If at First You Don’t Succeed: SEC Adopts Revised Resource Extraction Disclosure Rule
On December 16, the SEC adopted rules that will require domestic or foreign SEC-reporting companies that engage in resource extraction to disclose payments made to the U.S. federal government or to foreign governments for the commercial development of oil, natural gas, or minerals. The rules implement Section 13(q) of the Securities Exchange Act, enacted by the Dodd-Frank Act in 2010. Although the rules take effect 60 days after publication in the Federal Register, there is a two-year transition period, after which affected companies will be required annually to disclose their extraction payments on Form SD no later than 270 days after the end of their fiscal year. The new rules contain “conditional exemptions” for situations in which a foreign law or a pre-existing contract prohibits the disclosure and for smaller reporting companies and emerging growth companies.

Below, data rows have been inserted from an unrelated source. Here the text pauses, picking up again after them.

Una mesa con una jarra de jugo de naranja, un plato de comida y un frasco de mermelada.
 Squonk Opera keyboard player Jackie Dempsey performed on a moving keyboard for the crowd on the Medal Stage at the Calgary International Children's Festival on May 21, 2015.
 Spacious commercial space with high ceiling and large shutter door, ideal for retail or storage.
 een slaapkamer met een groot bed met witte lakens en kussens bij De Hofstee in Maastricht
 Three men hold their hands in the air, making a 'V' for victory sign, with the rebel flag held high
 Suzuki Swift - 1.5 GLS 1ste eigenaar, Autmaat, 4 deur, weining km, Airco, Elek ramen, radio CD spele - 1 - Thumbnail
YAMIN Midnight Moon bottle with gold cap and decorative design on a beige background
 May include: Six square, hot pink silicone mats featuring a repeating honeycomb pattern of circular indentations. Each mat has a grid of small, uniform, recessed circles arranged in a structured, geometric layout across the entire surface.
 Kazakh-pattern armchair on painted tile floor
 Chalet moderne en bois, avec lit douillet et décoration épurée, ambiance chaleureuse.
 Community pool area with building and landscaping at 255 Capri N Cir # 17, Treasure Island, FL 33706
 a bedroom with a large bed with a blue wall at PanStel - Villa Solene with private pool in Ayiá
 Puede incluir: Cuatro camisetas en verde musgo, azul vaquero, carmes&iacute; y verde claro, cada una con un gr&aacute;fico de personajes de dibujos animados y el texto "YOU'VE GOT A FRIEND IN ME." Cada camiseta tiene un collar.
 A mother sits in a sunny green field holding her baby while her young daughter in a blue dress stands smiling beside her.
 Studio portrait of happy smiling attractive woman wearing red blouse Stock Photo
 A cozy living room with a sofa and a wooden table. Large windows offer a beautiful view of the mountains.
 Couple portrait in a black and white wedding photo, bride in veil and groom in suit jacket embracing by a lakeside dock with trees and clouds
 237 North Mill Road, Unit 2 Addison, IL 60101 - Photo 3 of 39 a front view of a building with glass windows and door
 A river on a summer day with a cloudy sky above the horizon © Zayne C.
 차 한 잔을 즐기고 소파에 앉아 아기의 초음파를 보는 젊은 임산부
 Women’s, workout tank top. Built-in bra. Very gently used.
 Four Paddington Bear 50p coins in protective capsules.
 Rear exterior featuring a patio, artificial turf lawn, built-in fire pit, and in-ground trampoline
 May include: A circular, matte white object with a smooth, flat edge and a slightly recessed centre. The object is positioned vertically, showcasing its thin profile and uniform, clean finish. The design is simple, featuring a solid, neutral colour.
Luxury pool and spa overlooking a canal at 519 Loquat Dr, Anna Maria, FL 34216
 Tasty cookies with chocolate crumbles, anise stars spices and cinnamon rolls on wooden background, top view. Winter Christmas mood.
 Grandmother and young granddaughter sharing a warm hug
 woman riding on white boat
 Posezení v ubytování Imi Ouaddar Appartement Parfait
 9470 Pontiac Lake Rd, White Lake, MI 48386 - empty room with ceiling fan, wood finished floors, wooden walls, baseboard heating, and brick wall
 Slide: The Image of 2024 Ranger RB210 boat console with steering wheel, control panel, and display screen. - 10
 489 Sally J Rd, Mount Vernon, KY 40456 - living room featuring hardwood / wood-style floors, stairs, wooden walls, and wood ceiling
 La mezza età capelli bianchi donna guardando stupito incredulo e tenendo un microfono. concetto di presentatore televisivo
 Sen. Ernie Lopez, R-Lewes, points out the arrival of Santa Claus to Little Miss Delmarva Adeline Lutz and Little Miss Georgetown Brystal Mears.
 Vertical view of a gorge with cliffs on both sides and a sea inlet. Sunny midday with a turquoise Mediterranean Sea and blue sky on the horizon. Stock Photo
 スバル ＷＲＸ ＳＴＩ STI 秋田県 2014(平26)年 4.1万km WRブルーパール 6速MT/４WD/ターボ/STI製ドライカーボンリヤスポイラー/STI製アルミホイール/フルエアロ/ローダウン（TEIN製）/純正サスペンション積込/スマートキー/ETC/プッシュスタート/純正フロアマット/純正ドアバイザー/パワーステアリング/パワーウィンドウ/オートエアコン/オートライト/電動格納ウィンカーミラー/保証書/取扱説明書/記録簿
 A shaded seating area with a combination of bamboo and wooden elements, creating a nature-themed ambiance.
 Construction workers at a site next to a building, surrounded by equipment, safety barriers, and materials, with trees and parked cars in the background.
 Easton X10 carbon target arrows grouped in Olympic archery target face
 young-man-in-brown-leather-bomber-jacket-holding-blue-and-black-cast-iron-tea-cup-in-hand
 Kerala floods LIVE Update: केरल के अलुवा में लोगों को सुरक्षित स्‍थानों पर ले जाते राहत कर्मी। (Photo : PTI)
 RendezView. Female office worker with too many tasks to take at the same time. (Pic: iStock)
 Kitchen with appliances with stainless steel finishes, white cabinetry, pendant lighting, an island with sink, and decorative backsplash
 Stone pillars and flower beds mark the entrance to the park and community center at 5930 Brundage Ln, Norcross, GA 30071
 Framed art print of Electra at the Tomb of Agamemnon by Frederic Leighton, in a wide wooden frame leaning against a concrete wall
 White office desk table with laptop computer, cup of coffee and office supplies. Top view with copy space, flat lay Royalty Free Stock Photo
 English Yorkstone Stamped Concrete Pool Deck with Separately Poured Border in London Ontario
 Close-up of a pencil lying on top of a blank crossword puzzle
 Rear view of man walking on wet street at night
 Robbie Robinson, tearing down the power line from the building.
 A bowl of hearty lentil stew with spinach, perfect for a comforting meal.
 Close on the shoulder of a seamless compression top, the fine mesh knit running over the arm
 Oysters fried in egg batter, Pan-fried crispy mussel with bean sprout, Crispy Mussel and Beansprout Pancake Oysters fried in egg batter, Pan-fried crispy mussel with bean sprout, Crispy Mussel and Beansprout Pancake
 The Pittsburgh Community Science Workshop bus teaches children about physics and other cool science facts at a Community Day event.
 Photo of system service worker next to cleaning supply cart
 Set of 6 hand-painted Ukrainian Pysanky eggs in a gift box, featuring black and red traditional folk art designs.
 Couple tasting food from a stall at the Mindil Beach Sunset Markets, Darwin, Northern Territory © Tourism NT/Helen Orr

This is the SEC’s third attempt at rulemaking to implement Section 13(q). The first set of resource extraction payment rules, adopted in 2012, was invalidated by the U.S. Court of Appeals for the District of Columbia Circuit. The second version was invalidated by Congress pursuant to the Congressional Review Act in 2017. See Congress Invalidates Resource Extraction Payment Disclosure; SEC is Reconsidering Conflict Minerals and Pay Ratio Rules (January-February 2017 Update).
Audit committees of companies that engage in resource extraction should be aware of this new disclosure requirement and monitor management’s efforts to determine how it applies to the company and the steps necessary to prepare for implementation.